This is the mail archive of the gcc@gcc.gnu.org mailing list for the GCC project.

Index Nav:	[Date Index] [Subject Index] [Author Index] [Thread Index]
Message Nav:	[Date Prev] [Date Next]	[Thread Prev] [Thread Next]
Other format:	[Raw text]

Picking between alternative ways of expanding a section

From: Michael Hope <michaelh at juju dot net dot nz>
To: gcc at gcc dot gnu dot org
Date: Fri, 24 Jul 2009 16:22:31 +1200
Subject: Picking between alternative ways of expanding a section

Hi there.  This is in follow up to my email on the 24 th of May.

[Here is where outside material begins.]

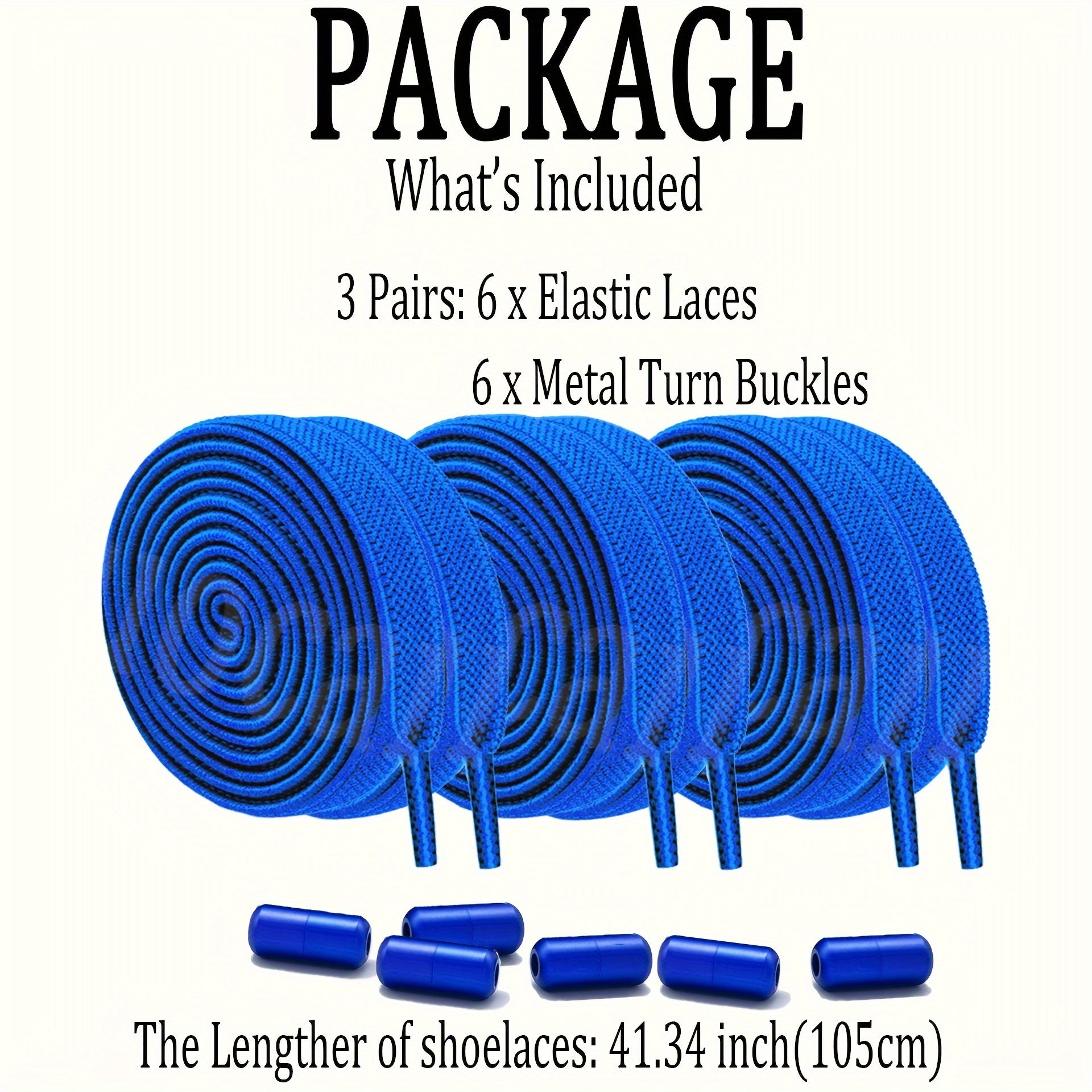 Unisex Elastic Lace-Up Shoelaces 6mm Flat Colorful No-Tie Sports Casual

The short version is: how can I track down why GCC is picking between
two alternatives for implementing a function?  In a memcpy() where
Pmode == SImode, I get a near ideal implementation.  If Pmode ==
PSImode (due to limitations of the pointer registers) I get something
much worse.

The difference happens early on.  In the .128r.expand with Pmode ==
SImode I get:
 ;; MEM[base: to] = MEM[base: p];

With PSImode I get offset addressing instead:
;; MEM[base: pto + ivtmp.25] = MEM[base: pfrom + ivtmp.25];

This flows through into the actual code.

I assume this is due to GCC assuming that PSImode works differently to
SImode and that the cast/translation cost is enough to make offset
addressing overall cheaper.

The m32c compiler is the only other using PSImode but it doesn't
generate offsetted addresses.  The same things happen with and without
a basic TARGET_ADDRESS_COSTS and TARGET_RTX_COSTS.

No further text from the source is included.